The Elanthian Flora Guide (2002) was kept consistent with the Rolemaster origins, with rose-marrow potion being made from "nodules" of roots of the rose-marrow plant. In the table it only grows around Wehnimer's Landing. The Elanthian Flora Guide adds details of growing in stalks, with staggered blackish-green leaves, and scarlet edged white blossoms with small rounded seed pods. Rose-marrow in GemStone is a member of the leguminous family. In the real-world "rose mallow" is another name for the hibiscus flower, which is an herb used in folk medicine.

Rolemaster Statistics
Climate: Cool Temperate
Terrain: Deciduous Forests
Rarity: 3 - Light
Addiction Factor: 1
RM Value: 9 silver pieces
SW Value: 9 silver pieces
Game Details
Rolemaster: Rewk nodule/brew is listed in Rolemaster: Gamemaster Law (1999), page 106, which also had a 1995 printing. It is under "concussion relief" and has the effect of healing 2 to 20 hit points from drinking. It is similarly priced but somewhat more expensive than Akbutege leaf, and much less expensive than Dugmuthur, Cusamar flower, and Gariig cactus.
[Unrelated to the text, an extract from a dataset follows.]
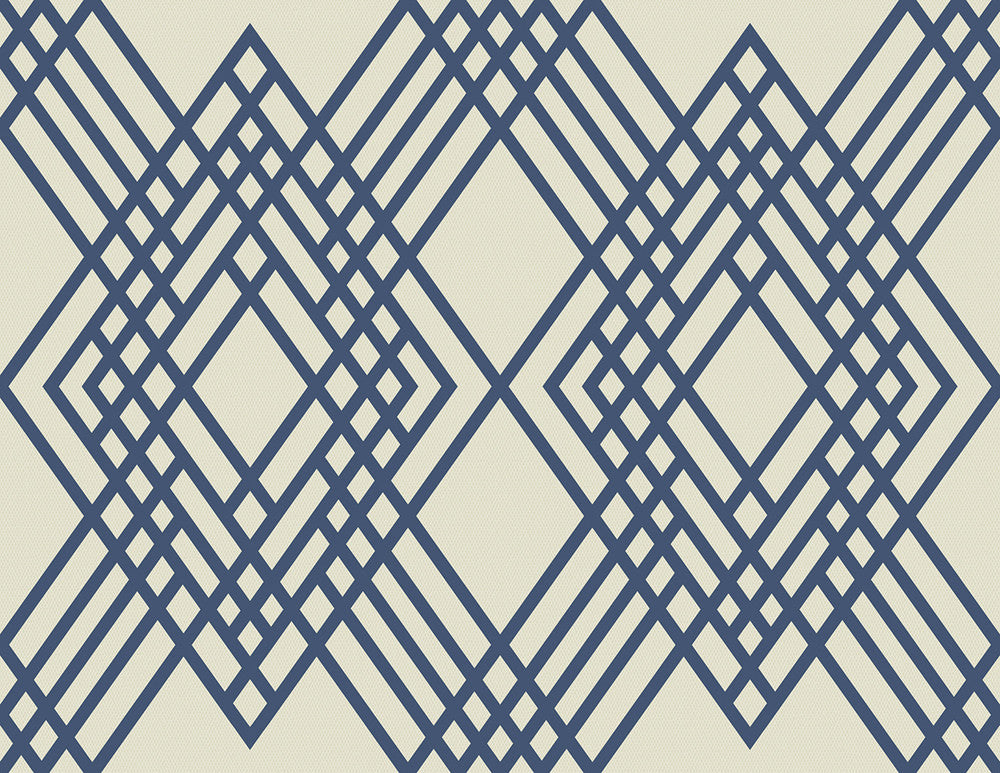 Cayman Prussia Blue and Off-White TA21302 by Seabrook Designs Designer Wallpaper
Rewk and Arfandas are not head/neck specific and fall under different categories, and Rewk is actually more expensive than Arfandas in the 1999 book. The climate codes say it grows in cool temperate deciduous/mixed forests. Rewk is older than this and has to be found in an earlier Rolemaster book.
Shadow World: Rewk nodule/brew is listed under "concussion relief" on page 58 of the Journey to the Magic Isle (1989) source book, healing 2 to 20 hit points from drinking and costing 9 silver pieces. This is Uman Isle which was partly developed, then later changed and released as Teras Isle. Rewk is not in the Shadow World Master Atlas, 1st Edition (1989) World Guide or Inhabitants Guide.
I.C.E. Age: Rewk Potion in GemStone III in GemStone III dates back to 1990. Its minor head/neck wound healing property is given, for example, in Kelfour Edition volume I number III from August 1990 and Kelfour Edition volume II number I from June 1991. The minor head/neck flesh healing property is arguably inconsistent with the 1999 edition of Rolemaster: Gamemaster Law.

Siran

Modern: Sovyn clove

"The small dried flowers (also known as cloves) of the Sovyn bush have the miraculous ability to cause the regeneration of an entire limb!  These flowers need to have been dried by the sun in order to have their restorative powers; therefore, the time at which this herb is picked is crucial." - Medicinal Herbs of Elanith, Heathstone Manor

The Siran Clove is defined in the Rolemaster source books as being found in semi-arid short grass regions. However, in Rolemaster the Siran clove also inflicts a skin disease when eaten, which causes the person to take damage per round when exposed to full sunlight. This is not the case in GemStone's implementation, and the Hearthstone Manor description changes this to the sun being important for when it is picked, as the flower has to be dried in the sun to have its powers. Siran in Rolemaster has the effect of restoring one organ or area from eating it. It is significantly more expensive than Berterin, but only slightly more expensive than Pasamar, significantly less expensive than Baldakur, and much less expensive than Tarnas (unlike GemStone) and Wek-wek. Its restoration of missing limbs in GemStone is consistent with its Rolemaster source material, where it is classified as an organ repairs and preservation herb. Siran Clove existing in GemStone III dates back to 1990.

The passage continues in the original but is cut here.